EXERCISE DETAILS ▸ Filter the data below for the string "Image" and copy each matching line.

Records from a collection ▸
------------------------------------------------
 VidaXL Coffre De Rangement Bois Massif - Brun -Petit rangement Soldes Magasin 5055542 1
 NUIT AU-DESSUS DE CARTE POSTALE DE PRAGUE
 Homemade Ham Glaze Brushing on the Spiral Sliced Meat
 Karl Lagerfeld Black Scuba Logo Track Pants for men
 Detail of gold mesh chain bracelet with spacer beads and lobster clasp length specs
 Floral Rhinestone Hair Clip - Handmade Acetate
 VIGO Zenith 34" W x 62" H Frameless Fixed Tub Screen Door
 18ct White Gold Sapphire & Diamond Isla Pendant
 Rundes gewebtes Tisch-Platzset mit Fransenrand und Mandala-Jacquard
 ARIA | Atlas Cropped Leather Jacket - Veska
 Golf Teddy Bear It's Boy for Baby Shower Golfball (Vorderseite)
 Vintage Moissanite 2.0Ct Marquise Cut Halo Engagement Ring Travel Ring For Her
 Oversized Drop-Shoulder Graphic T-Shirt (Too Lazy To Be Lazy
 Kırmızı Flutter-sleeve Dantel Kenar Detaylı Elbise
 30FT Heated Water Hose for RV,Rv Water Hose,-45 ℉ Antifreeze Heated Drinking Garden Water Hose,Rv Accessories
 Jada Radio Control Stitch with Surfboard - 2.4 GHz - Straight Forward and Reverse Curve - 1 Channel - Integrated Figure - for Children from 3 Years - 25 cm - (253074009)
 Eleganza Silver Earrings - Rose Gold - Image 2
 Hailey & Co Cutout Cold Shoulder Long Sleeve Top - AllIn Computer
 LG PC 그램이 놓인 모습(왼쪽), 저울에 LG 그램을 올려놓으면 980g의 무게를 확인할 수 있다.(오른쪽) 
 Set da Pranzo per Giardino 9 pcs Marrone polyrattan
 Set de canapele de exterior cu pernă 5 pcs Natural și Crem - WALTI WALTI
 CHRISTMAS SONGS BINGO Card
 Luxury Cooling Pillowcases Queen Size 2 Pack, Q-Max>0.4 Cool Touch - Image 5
------------------------------------------------
EXPECTED ANSWER ▸
 Eleganza Silver Earrings - Rose Gold - Image 2
 Luxury Cooling Pillowcases Queen Size 2 Pack, Q-Max>0.4 Cool Touch - Image 5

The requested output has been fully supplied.